Steroid hormones that are controlled by steroidogenic acute regulatory (StAR) gene regulate sperm production. However, calcium ion is important for male fertility in vasodilation and sperm development. Calcium also serves as a second messenger to control acrosome reaction and sperm motility. Calcium channel-blockers (CCBs) as nifedipine and ethosuximide (used in hypertension and epilepsy treatment) can affect male fertility. However, little is known about the underlying mechanism of the male reproductive dysfunction and their side effects. The present study was designed to address the involvement of CCBs in inducing male infertility.

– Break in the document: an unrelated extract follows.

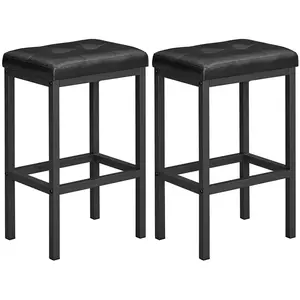 VASAGLE Chaises de bar rembourré, Siège Noir + Cadre Noir pas cher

Thirty-six male mice were orally treated by therapeutic dose of nifedipine and ethosuximide for 20 days followed by 10 days without treatment for drug withdrawal. Chromosome aberrations assay, sperm analysis and testicular expression level of biomarker steroidogenic acute regulatory (StAR (mRNA were measured. In addition, histological structure of the testis was investigated to the process of spermatogenesis. Our results revealed that, CCBs significantly increased the percentage of chromosome aberration and sperm shape change. StAR-mRNA expression was significantly down regulated. Sperm count and motility were significantly decreased. However, slight improvement was observed in all tested parameters after drug withdrawal. Seminiferous tubules displayed total atrophy, disruption, severe damage and elongation of tubules with disorganization of germinal epithelium that detached from the basement membrane. The lumen of seminiferous tubules showed complete absence of sperm cells.

Conclusions

Both nifedipine and ethosuximide significantly increase chromosome abnormalities, decrease sperm function, and down regulate StAR-mRNA expression. All these side effects may lead to irreversible male sterility.